Open aivs opened 8 years ago
Hi, thanks for this feature request. It makes sense and I will add it in a future version.
Your App looks great - is this possible now? I would like to use it with Openhab, so authentication is crucial...
Sorry, I did not find any time yet (though it sure makes sense). The time for the feature is not the problem, but in the meantime a lot has changed for Swift and iOS.
The documentation of openHAB says that it does not (yet) support restricting access....
and it proposes to use basic authentication with nginx....it is just a proposal.
If you already run an nginx I would propose that you could use a workaround for the problem, i.e. use rewriting and map all commands. Use a password-like string as a prefix to the real path.
Instead of simply proxying everything
proxy_pass http://localhost:8080/;
extend the proxy rules and add a rewrite for the secured command, i.e.
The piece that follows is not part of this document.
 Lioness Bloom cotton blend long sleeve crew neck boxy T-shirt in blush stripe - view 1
rewrite /hereGoesAComplicatedUrlEscapedString/(.*) /$1 break;
Then you use the http://exthost:port/hereGoesAComplicatedUrlEscapedString/original/command/path
in iControl Web configuration.
I am not an nginx expert. Test if the real commands are still passed. If yes, catch everything in a last rule and send it to the nirvana
rewrite /(.*) /non/existent/path break;
Keep in mind to always use https, because in both cases (complicatedPath or basic auth), the clear password would be visible to a MITM attack. (Not using https with the complicatedPathMethod is worse because URLs could be captured by proxies, browser history, etc). If you still want to use basic auth elsewhere, I propose that you create a dedicated virtual host and use name based virtual hosts.
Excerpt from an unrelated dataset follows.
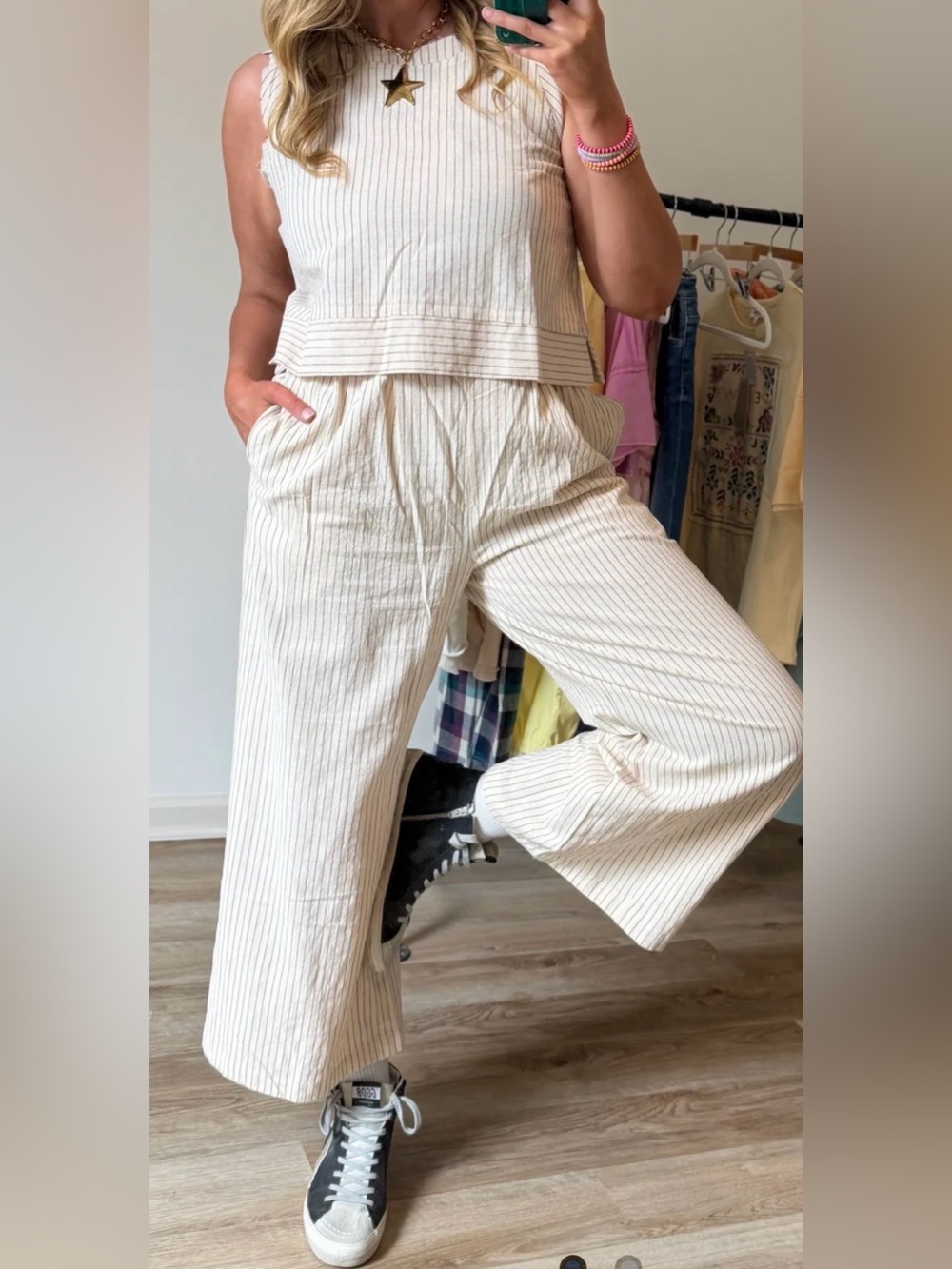 Very J Cream Pinstripe Wide-Leg Pant Set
You can also use this method to expose only a subset of commands, i.e.
rewrite /hereGoesAnotherComplicatedUrlEscapedString/ /url/to/real/command/one break;
rewrite /hereGoesAThirdComplicatedUrlEscapedString/ /url/to/real/command/two break;
So entering a url like https://user:password@example.com isn't possible?
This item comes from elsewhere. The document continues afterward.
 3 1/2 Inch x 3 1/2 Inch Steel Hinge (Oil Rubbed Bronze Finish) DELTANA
URLs like https://user:password@example.com are interpreted by the browser. So it is not possible. You have to go through the workaround or a VPN or anything else which can be used in infrastructure
Therefore there would need to be code to interpret it.
any updates on this? I'd pay 5 € for this
Many SmartHome controllers are uses Basic authentication to access to HTTP API. I use Raspberry Pi with app Z-Way to control my Z-Wave Devices. Z-Way requires login and password for HTTP commands. I know many other controllers that supported basic authentication, so the list of compatible SmartHome controllers will increase, if you add the support of sending HTTP commands with basic authorization.